### THE TASK
Every line of the listing should be repeated exactly.

### INPUT
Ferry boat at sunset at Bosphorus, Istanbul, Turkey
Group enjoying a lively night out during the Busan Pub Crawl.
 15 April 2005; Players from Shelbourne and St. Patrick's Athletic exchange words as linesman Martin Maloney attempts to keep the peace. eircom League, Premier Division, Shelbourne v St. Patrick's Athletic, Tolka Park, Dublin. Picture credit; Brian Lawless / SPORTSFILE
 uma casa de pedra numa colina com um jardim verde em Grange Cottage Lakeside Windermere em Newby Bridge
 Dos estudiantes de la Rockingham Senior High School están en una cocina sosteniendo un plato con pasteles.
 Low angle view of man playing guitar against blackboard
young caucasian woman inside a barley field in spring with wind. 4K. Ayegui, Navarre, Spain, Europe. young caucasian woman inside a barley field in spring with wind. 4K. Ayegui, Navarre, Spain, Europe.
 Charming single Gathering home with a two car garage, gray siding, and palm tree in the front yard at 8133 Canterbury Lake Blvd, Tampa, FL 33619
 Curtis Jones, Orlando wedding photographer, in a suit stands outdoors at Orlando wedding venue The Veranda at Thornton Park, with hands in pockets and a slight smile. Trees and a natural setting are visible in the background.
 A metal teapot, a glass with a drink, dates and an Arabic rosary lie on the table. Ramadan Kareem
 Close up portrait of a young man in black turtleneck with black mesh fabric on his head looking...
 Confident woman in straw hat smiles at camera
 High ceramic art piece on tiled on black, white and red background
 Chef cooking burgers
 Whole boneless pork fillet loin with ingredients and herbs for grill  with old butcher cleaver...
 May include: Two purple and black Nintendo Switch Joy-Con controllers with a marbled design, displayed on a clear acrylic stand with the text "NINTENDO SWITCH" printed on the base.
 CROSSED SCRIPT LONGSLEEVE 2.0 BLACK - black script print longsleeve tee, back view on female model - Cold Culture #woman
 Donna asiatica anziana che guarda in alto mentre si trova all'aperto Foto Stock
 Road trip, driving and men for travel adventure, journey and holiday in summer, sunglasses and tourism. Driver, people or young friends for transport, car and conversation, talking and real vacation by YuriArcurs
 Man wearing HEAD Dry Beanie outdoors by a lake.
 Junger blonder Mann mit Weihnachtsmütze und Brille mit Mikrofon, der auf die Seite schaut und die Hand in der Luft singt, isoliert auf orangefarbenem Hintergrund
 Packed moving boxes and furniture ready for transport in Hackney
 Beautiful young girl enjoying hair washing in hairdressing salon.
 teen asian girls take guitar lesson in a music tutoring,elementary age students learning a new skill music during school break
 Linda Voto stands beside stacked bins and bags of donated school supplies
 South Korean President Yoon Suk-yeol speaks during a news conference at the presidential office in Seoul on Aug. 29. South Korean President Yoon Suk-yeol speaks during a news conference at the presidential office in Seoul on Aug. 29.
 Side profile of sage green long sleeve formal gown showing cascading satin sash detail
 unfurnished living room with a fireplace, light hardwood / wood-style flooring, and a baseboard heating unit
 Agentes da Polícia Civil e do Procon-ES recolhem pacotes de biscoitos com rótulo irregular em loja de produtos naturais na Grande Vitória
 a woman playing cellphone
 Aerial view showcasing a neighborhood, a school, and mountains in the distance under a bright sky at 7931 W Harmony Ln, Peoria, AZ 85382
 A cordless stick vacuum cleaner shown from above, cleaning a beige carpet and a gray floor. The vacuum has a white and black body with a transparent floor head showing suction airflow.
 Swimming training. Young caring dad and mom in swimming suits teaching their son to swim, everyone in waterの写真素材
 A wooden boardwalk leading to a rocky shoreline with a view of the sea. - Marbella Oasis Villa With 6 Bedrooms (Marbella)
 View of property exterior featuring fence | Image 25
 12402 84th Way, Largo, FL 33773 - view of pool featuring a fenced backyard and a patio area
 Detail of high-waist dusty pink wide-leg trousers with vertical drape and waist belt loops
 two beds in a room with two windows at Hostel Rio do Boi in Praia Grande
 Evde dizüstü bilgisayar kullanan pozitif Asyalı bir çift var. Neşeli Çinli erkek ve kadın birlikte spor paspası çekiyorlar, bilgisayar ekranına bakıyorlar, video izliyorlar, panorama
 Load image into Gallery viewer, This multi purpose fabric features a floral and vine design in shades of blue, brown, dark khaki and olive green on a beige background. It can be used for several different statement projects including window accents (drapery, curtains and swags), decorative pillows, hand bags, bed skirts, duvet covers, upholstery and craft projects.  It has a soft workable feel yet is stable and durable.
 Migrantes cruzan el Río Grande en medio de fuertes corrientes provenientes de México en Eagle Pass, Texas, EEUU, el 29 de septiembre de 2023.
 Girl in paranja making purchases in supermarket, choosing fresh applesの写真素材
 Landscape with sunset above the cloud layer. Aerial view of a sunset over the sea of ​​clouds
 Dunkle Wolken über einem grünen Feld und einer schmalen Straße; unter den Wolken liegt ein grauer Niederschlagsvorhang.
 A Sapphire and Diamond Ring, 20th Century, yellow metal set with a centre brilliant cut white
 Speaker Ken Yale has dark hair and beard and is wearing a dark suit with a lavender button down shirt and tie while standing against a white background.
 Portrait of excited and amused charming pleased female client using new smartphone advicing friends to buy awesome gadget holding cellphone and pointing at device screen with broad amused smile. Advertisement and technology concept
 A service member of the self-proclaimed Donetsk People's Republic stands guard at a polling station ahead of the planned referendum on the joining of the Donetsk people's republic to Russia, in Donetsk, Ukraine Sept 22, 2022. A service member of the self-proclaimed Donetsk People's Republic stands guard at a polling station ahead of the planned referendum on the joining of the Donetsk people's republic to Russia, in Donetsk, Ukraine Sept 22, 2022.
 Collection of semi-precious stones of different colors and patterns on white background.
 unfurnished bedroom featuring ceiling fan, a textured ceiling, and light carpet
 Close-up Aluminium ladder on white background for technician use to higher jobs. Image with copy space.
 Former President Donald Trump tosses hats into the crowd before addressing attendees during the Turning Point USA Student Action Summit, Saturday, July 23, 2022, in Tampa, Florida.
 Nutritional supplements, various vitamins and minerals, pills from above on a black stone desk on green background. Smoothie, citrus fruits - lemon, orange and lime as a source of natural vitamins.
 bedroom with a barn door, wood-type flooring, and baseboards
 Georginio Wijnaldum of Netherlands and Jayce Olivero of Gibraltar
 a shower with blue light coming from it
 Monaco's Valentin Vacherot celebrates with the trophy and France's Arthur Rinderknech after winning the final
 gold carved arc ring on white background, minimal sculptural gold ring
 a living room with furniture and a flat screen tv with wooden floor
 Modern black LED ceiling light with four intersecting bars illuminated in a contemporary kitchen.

### RESPONSE AREA
Ferry boat at sunset at Bosphorus, Istanbul, Turkey
Group enjoying a lively night out during the Busan Pub Crawl.
 15 April 2005; Players from Shelbourne and St. Patrick's Athletic exchange words as linesman Martin Maloney attempts to keep the peace. eircom League, Premier Division, Shelbourne v St. Patrick's Athletic, Tolka Park, Dublin. Picture credit; Brian Lawless / SPORTSFILE
 uma casa de pedra numa colina com um jardim verde em Grange Cottage Lakeside Windermere em Newby Bridge
 Dos estudiantes de la Rockingham Senior High School están en una cocina sosteniendo un plato con pasteles.
 Low angle view of man playing guitar against blackboard
young caucasian woman inside a barley field in spring with wind. 4K. Ayegui, Navarre, Spain, Europe. young caucasian woman inside a barley field in spring with wind. 4K. Ayegui, Navarre, Spain, Europe.
 Charming single Gathering home with a two car garage, gray siding, and palm tree in the front yard at 8133 Canterbury Lake Blvd, Tampa, FL 33619
 Curtis Jones, Orlando wedding photographer, in a suit stands outdoors at Orlando wedding venue The Veranda at Thornton Park, with hands in pockets and a slight smile. Trees and a natural setting are visible in the background.
 A metal teapot, a glass with a drink, dates and an Arabic rosary lie on the table. Ramadan Kareem
 Close up portrait of a young man in black turtleneck with black mesh fabric on his head looking...
 Confident woman in straw hat smiles at camera
 High ceramic art piece on tiled on black, white and red background
 Chef cooking burgers
 Whole boneless pork fillet loin with ingredients and herbs for grill  with old butcher cleaver...
 May include: Two purple and black Nintendo Switch Joy-Con controllers with a marbled design, displayed on a clear acrylic stand with the text "NINTENDO SWITCH" printed on the base.
 CROSSED SCRIPT LONGSLEEVE 2.0 BLACK - black script print longsleeve tee, back view on female model - Cold Culture #woman
 Donna asiatica anziana che guarda in alto mentre si trova all'aperto Foto Stock
 Road trip, driving and men for travel adventure, journey and holiday in summer, sunglasses and tourism. Driver, people or young friends for transport, car and conversation, talking and real vacation by YuriArcurs
 Man wearing HEAD Dry Beanie outdoors by a lake.
 Junger blonder Mann mit Weihnachtsmütze und Brille mit Mikrofon, der auf die Seite schaut und die Hand in der Luft singt, isoliert auf orangefarbenem Hintergrund
 Packed moving boxes and furniture ready for transport in Hackney
 Beautiful young girl enjoying hair washing in hairdressing salon.
 teen asian girls take guitar lesson in a music tutoring,elementary age students learning a new skill music during school break
 Linda Voto stands beside stacked bins and bags of donated school supplies
 South Korean President Yoon Suk-yeol speaks during a news conference at the presidential office in Seoul on Aug. 29. South Korean President Yoon Suk-yeol speaks during a news conference at the presidential office in Seoul on Aug. 29.
 Side profile of sage green long sleeve formal gown showing cascading satin sash detail
 unfurnished living room with a fireplace, light hardwood / wood-style flooring, and a baseboard heating unit
 Agentes da Polícia Civil e do Procon-ES recolhem pacotes de biscoitos com rótulo irregular em loja de produtos naturais na Grande Vitória
 a woman playing cellphone
 Aerial view showcasing a neighborhood, a school, and mountains in the distance under a bright sky at 7931 W Harmony Ln, Peoria, AZ 85382
 A cordless stick vacuum cleaner shown from above, cleaning a beige carpet and a gray floor. The vacuum has a white and black body with a transparent floor head showing suction airflow.
 Swimming training. Young caring dad and mom in swimming suits teaching their son to swim, everyone in waterの写真素材
 A wooden boardwalk leading to a rocky shoreline with a view of the sea. - Marbella Oasis Villa With 6 Bedrooms (Marbella)
 View of property exterior featuring fence | Image 25
 12402 84th Way, Largo, FL 33773 - view of pool featuring a fenced backyard and a patio area
 Detail of high-waist dusty pink wide-leg trousers with vertical drape and waist belt loops
 two beds in a room with two windows at Hostel Rio do Boi in Praia Grande
 Evde dizüstü bilgisayar kullanan pozitif Asyalı bir çift var. Neşeli Çinli erkek ve kadın birlikte spor paspası çekiyorlar, bilgisayar ekranına bakıyorlar, video izliyorlar, panorama
 Load image into Gallery viewer, This multi purpose fabric features a floral and vine design in shades of blue, brown, dark khaki and olive green on a beige background. It can be used for several different statement projects including window accents (drapery, curtains and swags), decorative pillows, hand bags, bed skirts, duvet covers, upholstery and craft projects.  It has a soft workable feel yet is stable and durable.
 Migrantes cruzan el Río Grande en medio de fuertes corrientes provenientes de México en Eagle Pass, Texas, EEUU, el 29 de septiembre de 2023.
 Girl in paranja making purchases in supermarket, choosing fresh applesの写真素材
 Landscape with sunset above the cloud layer. Aerial view of a sunset over the sea of ​​clouds
 Dunkle Wolken über einem grünen Feld und einer schmalen Straße; unter den Wolken liegt ein grauer Niederschlagsvorhang.
 A Sapphire and Diamond Ring, 20th Century, yellow metal set with a centre brilliant cut white
 Speaker Ken Yale has dark hair and beard and is wearing a dark suit with a lavender button down shirt and tie while standing against a white background.
 Portrait of excited and amused charming pleased female client using new smartphone advicing friends to buy awesome gadget holding cellphone and pointing at device screen with broad amused smile. Advertisement and technology concept
 A service member of the self-proclaimed Donetsk People's Republic stands guard at a polling station ahead of the planned referendum on the joining of the Donetsk people's republic to Russia, in Donetsk, Ukraine Sept 22, 2022. A service member of the self-proclaimed Donetsk People's Republic stands guard at a polling station ahead of the planned referendum on the joining of the Donetsk people's republic to Russia, in Donetsk, Ukraine Sept 22, 2022.
 Collection of semi-precious stones of different colors and patterns on white background.
 unfurnished bedroom featuring ceiling fan, a textured ceiling, and light carpet
 Close-up Aluminium ladder on white background for technician use to higher jobs. Image with copy space.
 Former President Donald Trump tosses hats into the crowd before addressing attendees during the Turning Point USA Student Action Summit, Saturday, July 23, 2022, in Tampa, Florida.
 Nutritional supplements, various vitamins and minerals, pills from above on a black stone desk on green background. Smoothie, citrus fruits - lemon, orange and lime as a source of natural vitamins.
 bedroom with a barn door, wood-type flooring, and baseboards
 Georginio Wijnaldum of Netherlands and Jayce Olivero of Gibraltar
 a shower with blue light coming from it
 Monaco's Valentin Vacherot celebrates with the trophy and France's Arthur Rinderknech after winning the final
 gold carved arc ring on white background, minimal sculptural gold ring
 a living room with furniture and a flat screen tv with wooden floor
 Modern black LED ceiling light with four intersecting bars illuminated in a contemporary kitchen.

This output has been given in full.